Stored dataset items

○ ○ ○

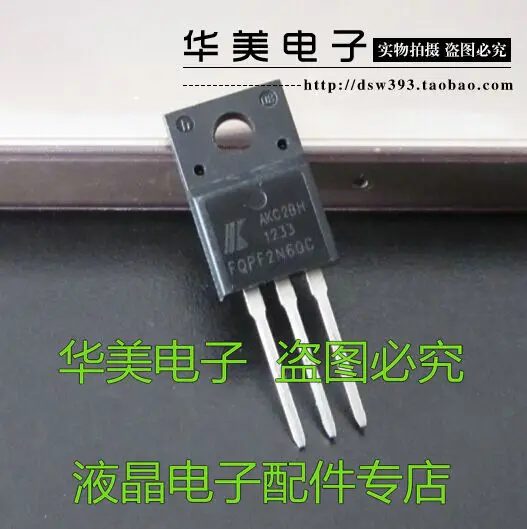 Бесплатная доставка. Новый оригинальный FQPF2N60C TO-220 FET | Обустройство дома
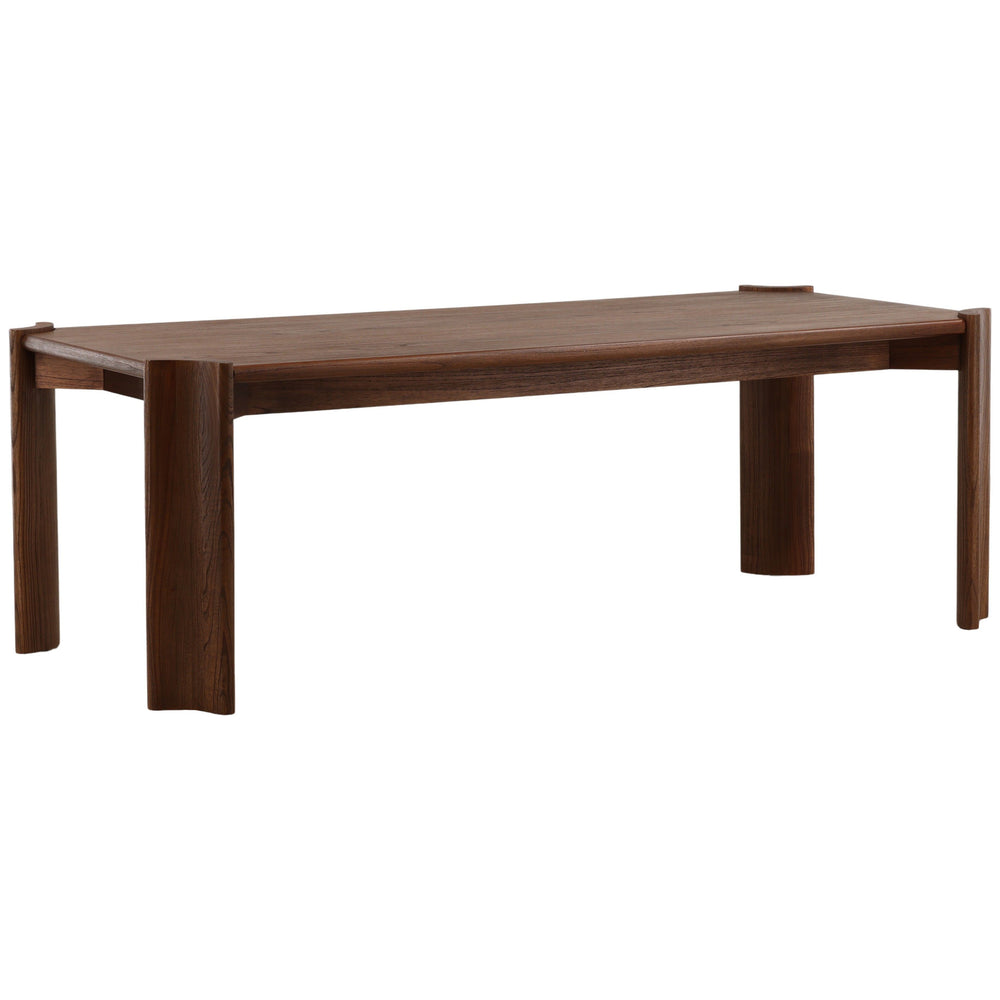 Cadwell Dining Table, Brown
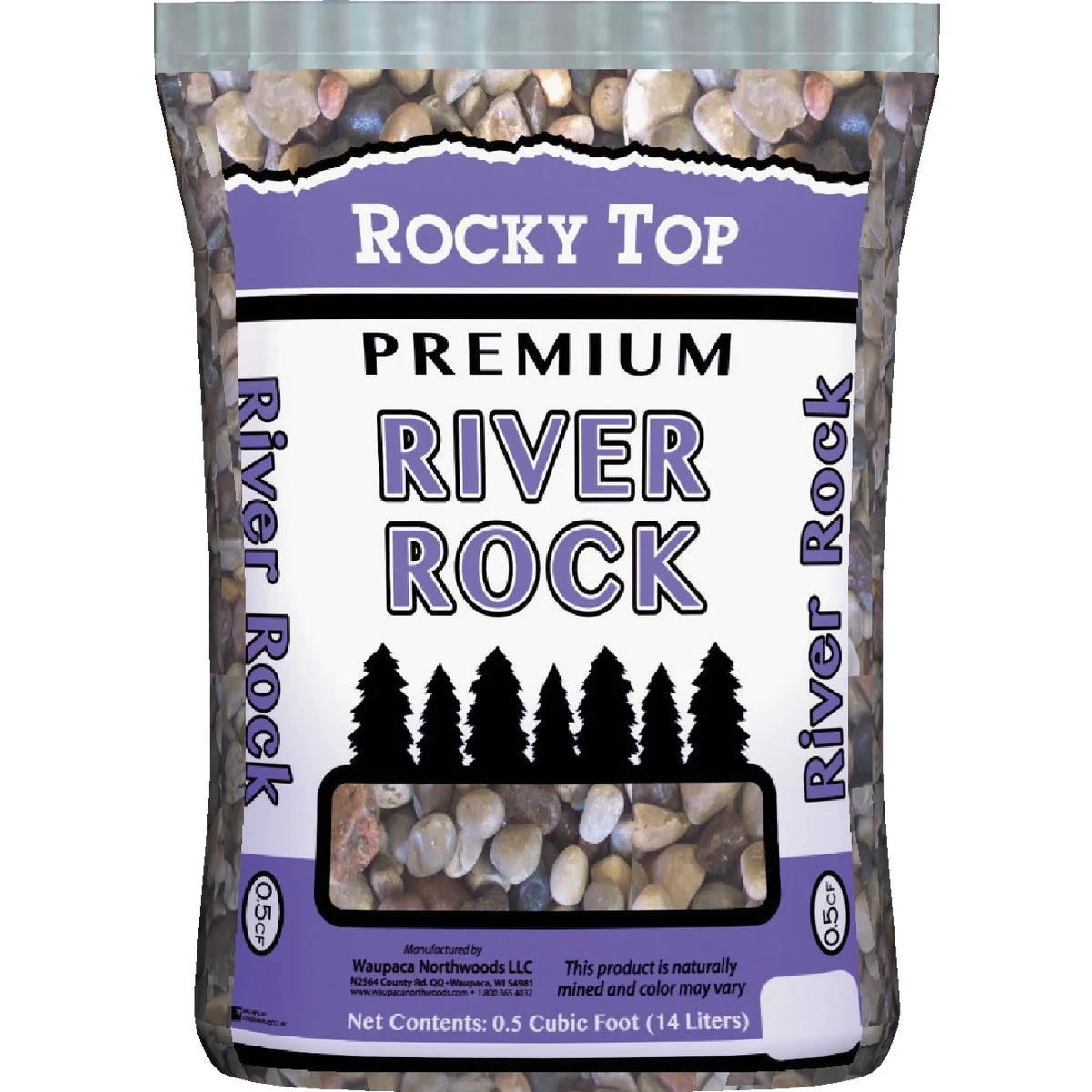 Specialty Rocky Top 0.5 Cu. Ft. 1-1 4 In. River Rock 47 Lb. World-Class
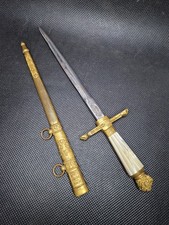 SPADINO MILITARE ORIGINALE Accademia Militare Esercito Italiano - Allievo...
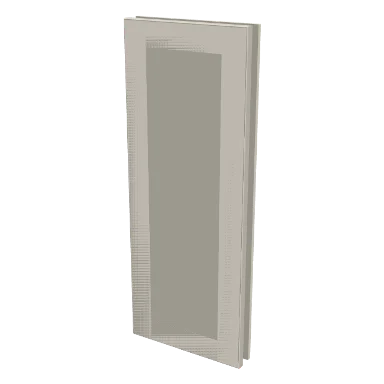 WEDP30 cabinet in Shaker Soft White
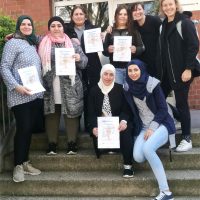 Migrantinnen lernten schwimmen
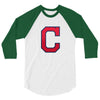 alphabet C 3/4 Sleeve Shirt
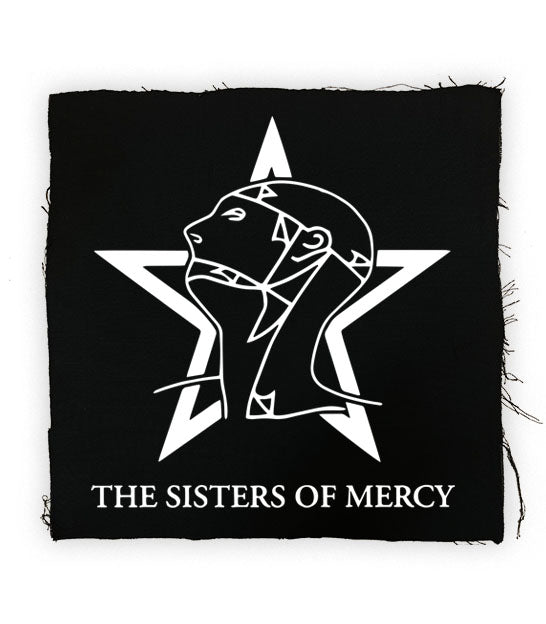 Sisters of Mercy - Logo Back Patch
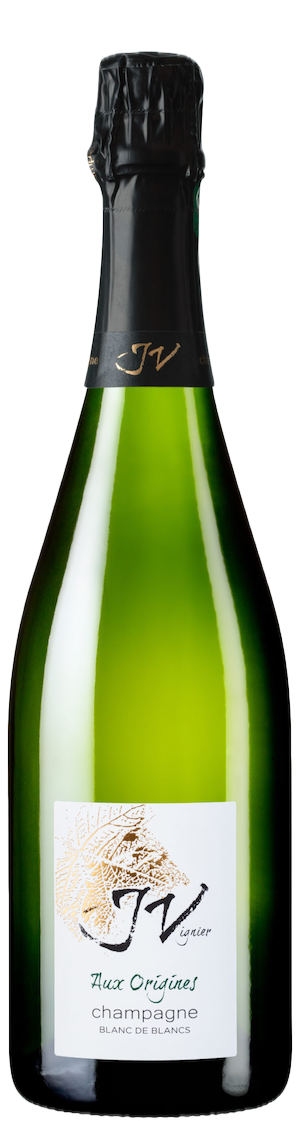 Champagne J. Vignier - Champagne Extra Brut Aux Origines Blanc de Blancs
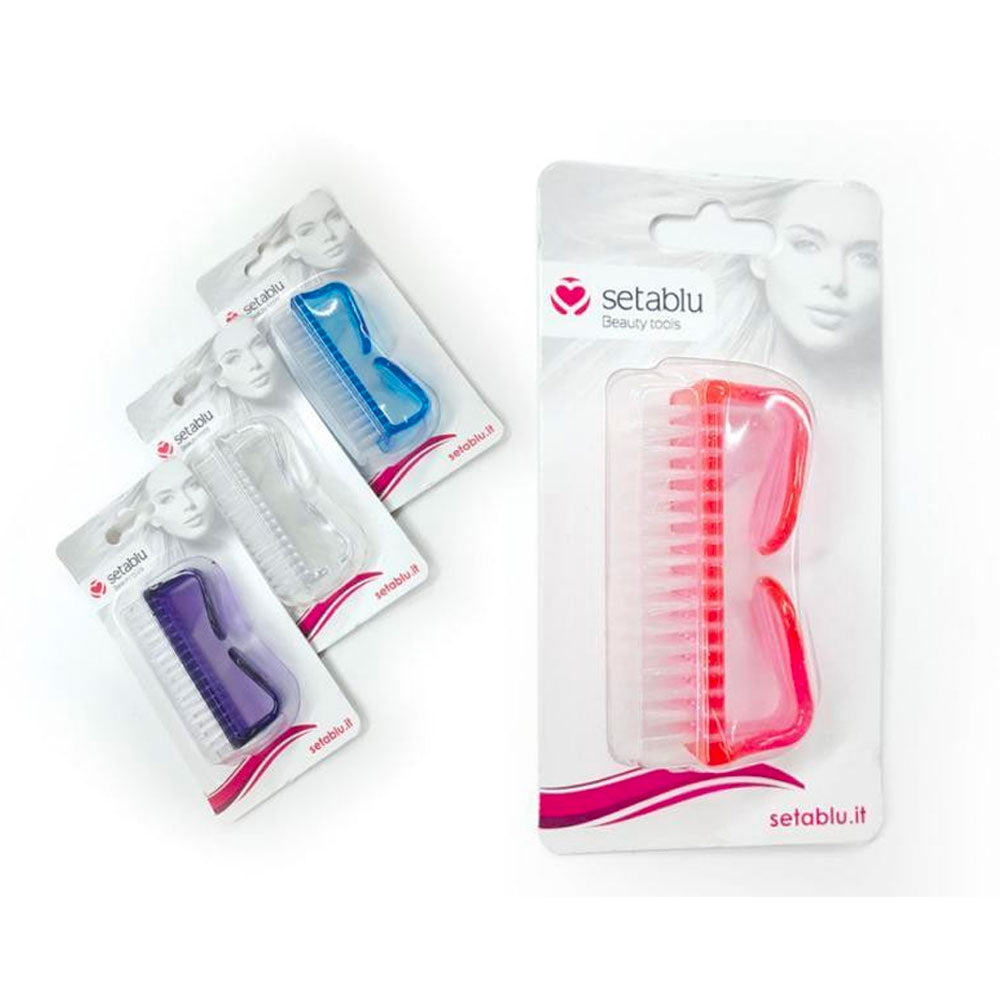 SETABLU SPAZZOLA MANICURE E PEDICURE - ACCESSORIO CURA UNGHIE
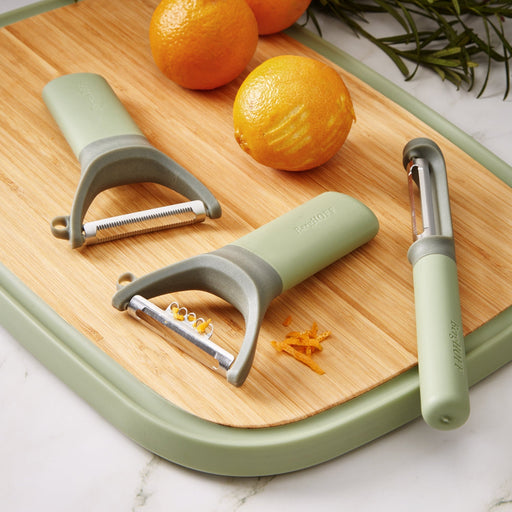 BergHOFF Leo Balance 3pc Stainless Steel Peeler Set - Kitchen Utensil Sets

○ ○ ○

* _Work instructions_:
Your copy of the entries above must be exact and must not include pictures.

* _Task solution_:
 Бесплатная доставка. Новый оригинальный FQPF2N60C TO-220 FET | Обустройство дома
 Cadwell Dining Table, Brown
 Specialty Rocky Top 0.5 Cu. Ft. 1-1 4 In. River Rock 47 Lb. World-Class
 SPADINO MILITARE ORIGINALE Accademia Militare Esercito Italiano - Allievo...
 WEDP30 cabinet in Shaker Soft White
 Migrantinnen lernten schwimmen
 alphabet C 3/4 Sleeve Shirt
 Sisters of Mercy - Logo Back Patch
 Champagne J. Vignier - Champagne Extra Brut Aux Origines Blanc de Blancs
 SETABLU SPAZZOLA MANICURE E PEDICURE - ACCESSORIO CURA UNGHIE
 BergHOFF Leo Balance 3pc Stainless Steel Peeler Set - Kitchen Utensil Sets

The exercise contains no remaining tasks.